* [EXERCISE INSTRUCTIONS]: Copy only the lines from the one with "Hermes Epsom Mini" through the end of the records, exactly as they stand. No pictures belong in the copy.

* [EXCERPTED RECORDS]:
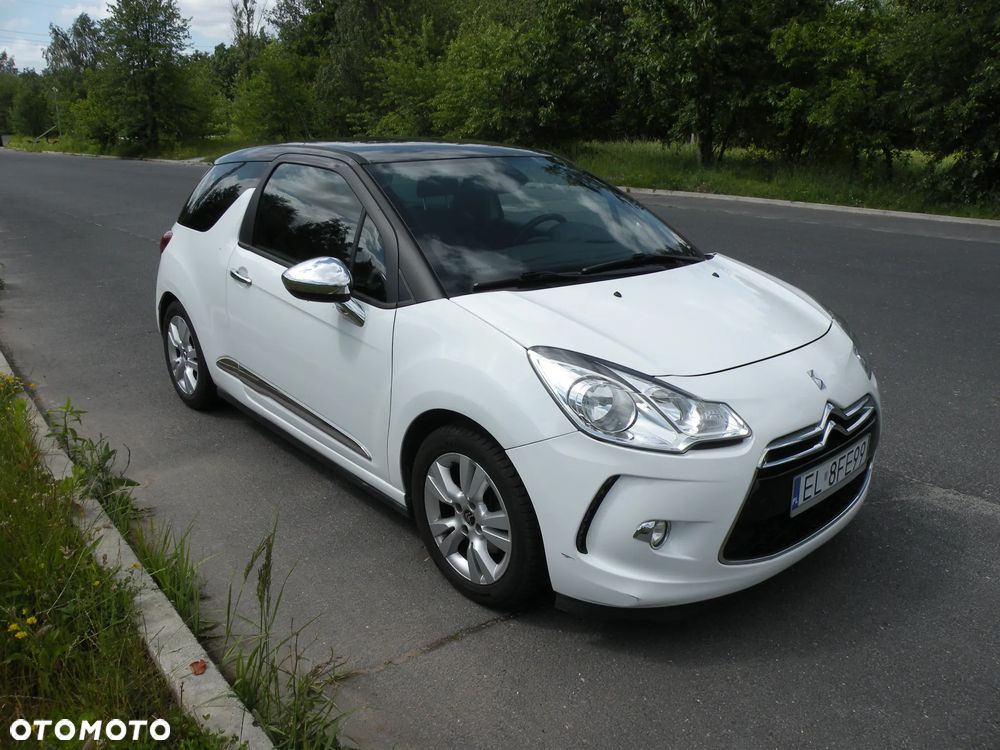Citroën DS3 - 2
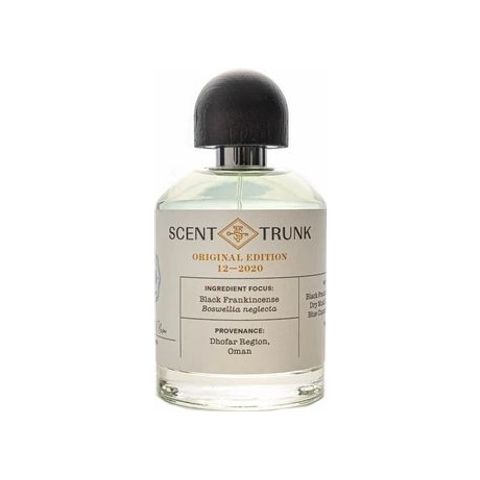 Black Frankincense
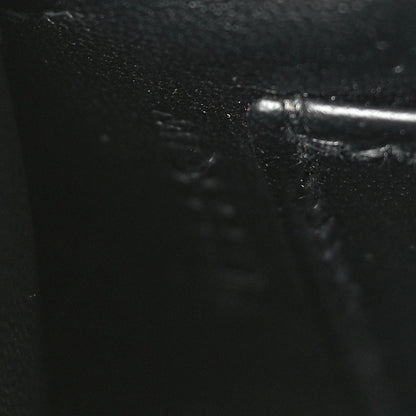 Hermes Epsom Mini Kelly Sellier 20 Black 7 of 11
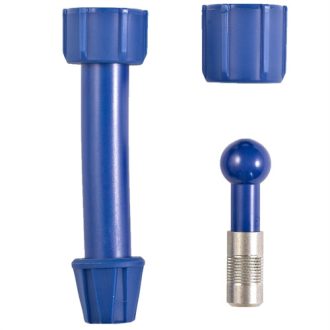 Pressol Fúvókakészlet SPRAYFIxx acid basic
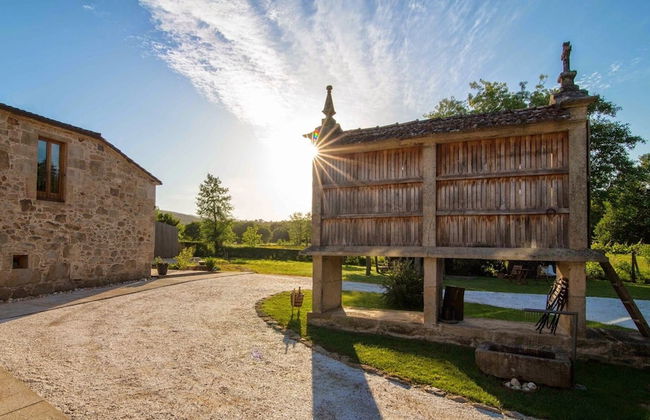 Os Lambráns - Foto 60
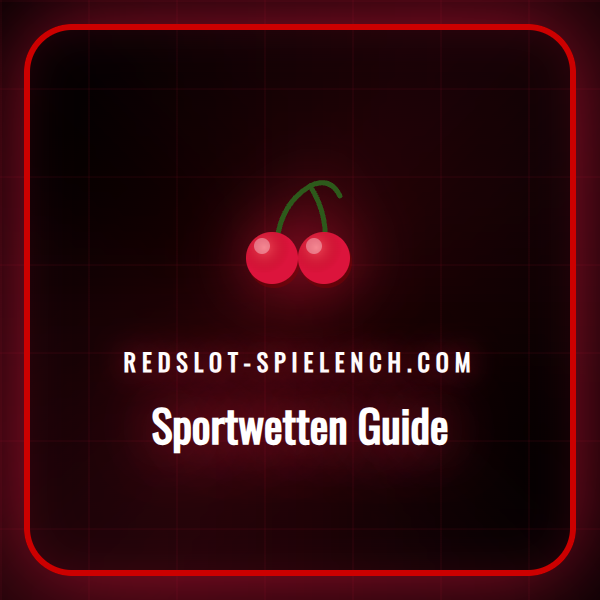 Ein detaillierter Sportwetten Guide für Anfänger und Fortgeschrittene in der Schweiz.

* [RESPONSE FOR THIS EXERCISE]:
 Hermes Epsom Mini Kelly Sellier 20 Black 7 of 11
 Pressol Fúvókakészlet SPRAYFIxx acid basic
 Os Lambráns - Foto 60
 Ein detaillierter Sportwetten Guide für Anfänger und Fortgeschrittene in der Schweiz.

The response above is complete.